§ **Problem statement**: Although the data below holds other lines too, output only those from the line with "I'm going to show you how" up to and including the line with "In a WordPad", exactly as they appear.

§ **Material for this task**:

########################################

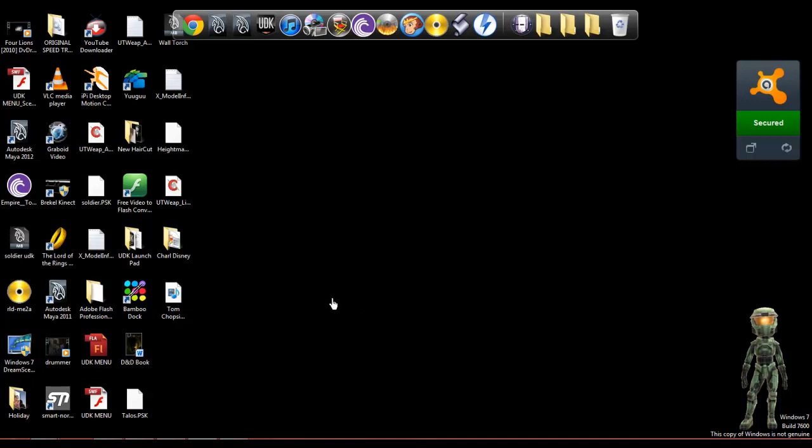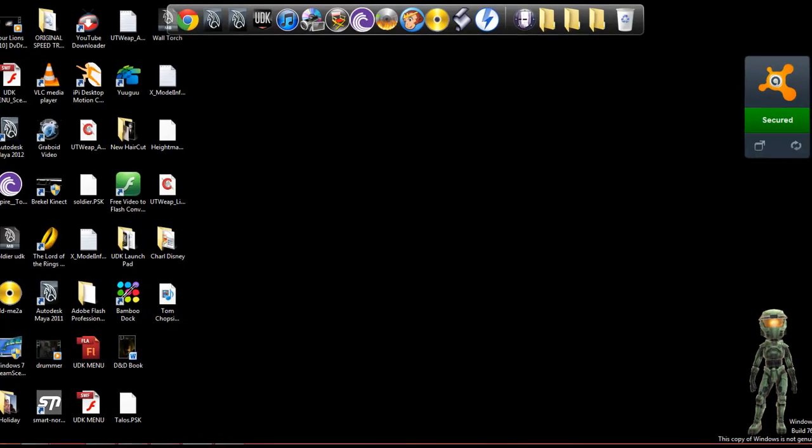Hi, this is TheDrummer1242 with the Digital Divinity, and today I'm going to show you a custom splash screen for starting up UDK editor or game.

########################################

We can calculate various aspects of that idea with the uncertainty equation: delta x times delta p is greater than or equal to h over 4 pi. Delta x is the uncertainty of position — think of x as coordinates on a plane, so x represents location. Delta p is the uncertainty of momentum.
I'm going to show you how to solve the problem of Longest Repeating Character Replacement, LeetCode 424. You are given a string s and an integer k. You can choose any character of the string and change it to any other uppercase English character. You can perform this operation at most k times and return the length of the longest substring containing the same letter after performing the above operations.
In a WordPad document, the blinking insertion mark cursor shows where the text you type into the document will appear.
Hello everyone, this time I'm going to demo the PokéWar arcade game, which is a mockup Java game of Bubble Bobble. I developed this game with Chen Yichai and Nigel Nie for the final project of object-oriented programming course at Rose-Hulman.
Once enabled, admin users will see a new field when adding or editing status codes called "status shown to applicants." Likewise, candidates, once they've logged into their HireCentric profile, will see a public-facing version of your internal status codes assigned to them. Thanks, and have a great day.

########################################

§ **Written solution**:
I'm going to show you how to solve the problem of Longest Repeating Character Replacement, LeetCode 424. You are given a string s and an integer k. You can choose any character of the string and change it to any other uppercase English character. You can perform this operation at most k times and return the length of the longest substring containing the same letter after performing the above operations.
In a WordPad document, the blinking insertion mark cursor shows where the text you type into the document will appear.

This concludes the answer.